Celsius CEO Alex Mashinsky.
Piaras Ó Mídheach/Sportsfile for Web Summit via Getty Images
- Celsius, the largest crypto lending platform, stopped letting users withdraw holdings on Sunday.
- Customers told Insider they have $2,300 to $105,000 in crypto trapped on the app.
- The crisis highlights a key downside to decentralized finance, where customers don’t have the same protections as traditional accounts.
The crypto world is once again reeling.
Two days after Celsius, a major crypto lending platform, froze all withdrawals, swaps, and transfers, citing “extreme market conditions,” customers tell Insider they have no idea what will happen to their money.
Three customers, with holdings between $2,300 to $105,000, verified by Insider, said their funds are trapped on the app until the freeze is lifted — and they still have no idea when that might be.
Their frustration shows how the decentralized finance movement, despite its promises to empower individuals, can leave customers in a tight spot without the protections afforded to more traditional accounts.
No one knows what will happen to their money
Celsius takes customer crypto deposits in exchange for high returns, lending the tokens out to other companies and individuals. As of May, the roughly five-year-old company managed $11.8 billion in assets from a customer base of 1.7 million.
But as the crypto market at large faced a brutal selloff, customer despots slowed. To stabilize things, Celsius on Sunday stopped allowing users to withdraw funds. In place of the withdrawal button is now a message saying they had been paused, customers said.
Raphael Miller, a software developer, told Insider he has almost .1 bitcoin, or about $2,300 USD as of Tuesday, stuck on Celsius
“I’ve already decided that I won’t be able to withdrawal [sic] anything for the foreseeable future,” he said.
In its memo on Sunday, Celsius said it’s working to restore withdrawals “as quickly as possible” but offered no timeline.
Jack Greenbaum, another Celsius customer, is in the same boat. Known online as “Crypto King,” he told Insider that he has $105,000 worth of Solana locked on the platform.

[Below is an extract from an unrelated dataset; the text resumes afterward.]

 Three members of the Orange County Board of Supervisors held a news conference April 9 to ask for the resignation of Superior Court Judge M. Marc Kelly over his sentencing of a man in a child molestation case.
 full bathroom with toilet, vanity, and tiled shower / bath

Greenbaum said he “felt something was coming” and successfully withdrew his entire $250,000 in ether holdings five days before the news dropped on Sunday. But he said he tried to withdraw other Solana funds 12 hours before Celsius announced the freeze and couldn’t.
“They knew they were closing withdrawals prior to announcing and froze them beforehand,” Greenbaum said. “Screwing me out of 5,000+ Solana. And their motto [sic] was literally your coins anytime,” referring to the company’s marketing slogan, “access your coins whenever.”

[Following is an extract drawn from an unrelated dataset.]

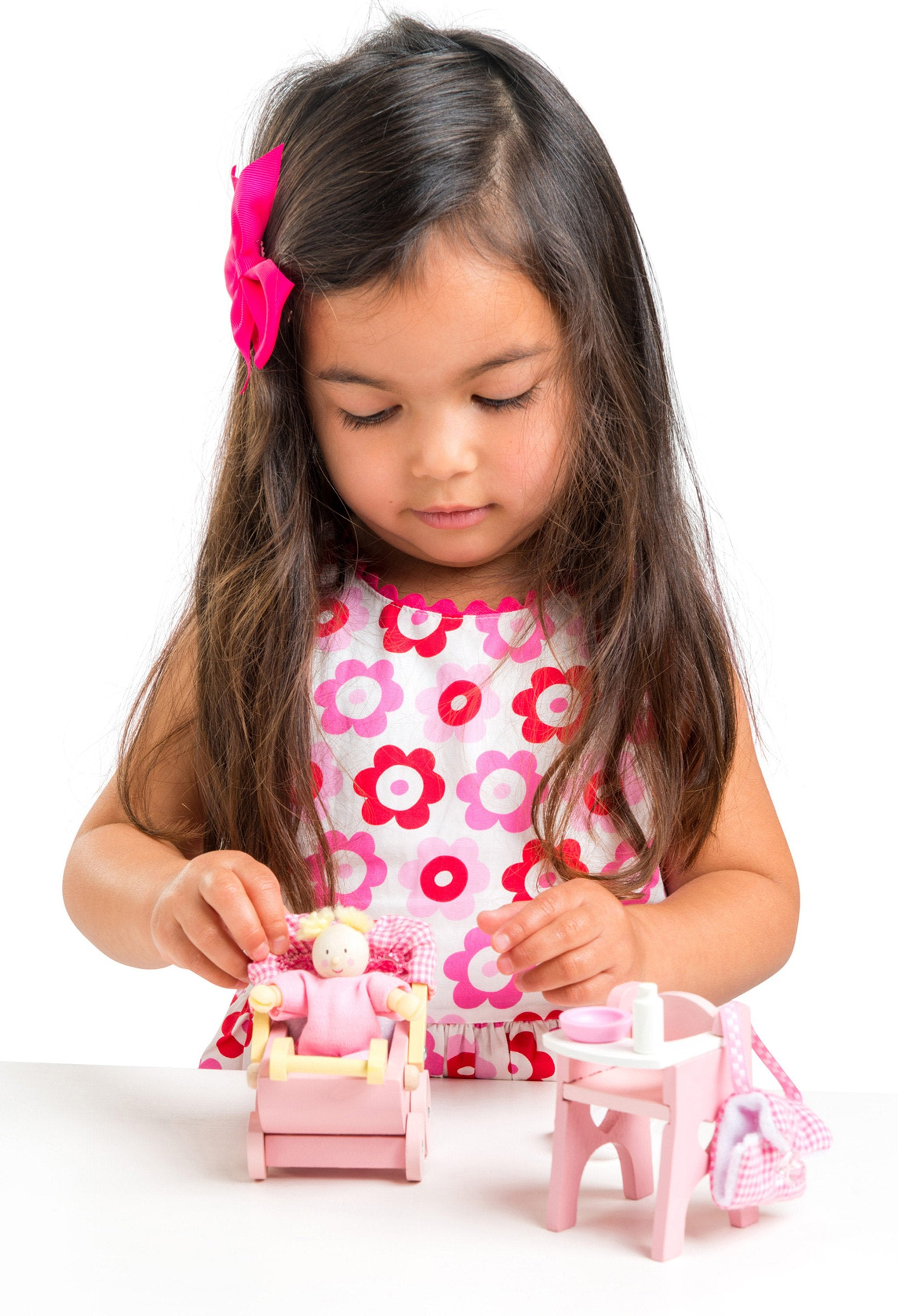 Młoda dziewczyna z długimi brązowymi włosami i różową kokardą bawi się lalką i mebelkami dla lalek.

Timbre Cierpke, a musician and Celsius customer, said she has been accumulating bitcoin slowly over the course of the last five years and had been storing it on Celsius.
“Unless something happens where they open up again, I will have lost about a year’s worth of income,” she told Insider, later clarifying that it might be closer to two years’ worth.

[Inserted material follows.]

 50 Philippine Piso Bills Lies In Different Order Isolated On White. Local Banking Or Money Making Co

“It’s the smaller customers like me that this could wipe out,” they said.
‘The clock is ticking for Celsius’
Celsius said it froze withdrawals to “stabilize liquidity,” meaning its deposits were not equal to the number of assets that it was holding on the blockchain. Miller said he wouldn’t be using this platform until they resolved the crisis.
“At the end of the day, the poor liquidity is due to bad decisions in investing. So unless they try a more conservative approach, then I can’t put my money back in,” he said.
Customers, meanwhile, worry that the company may have a larger insolvency problem or that it may be forced to file for bankruptcy.
Either way, they’ll have angry customers to reckon with when things normalize.
“The clock is ticking for Celsius and the longer the withdrawal button is gone the more likely their entire customer base will leave,” Miller said.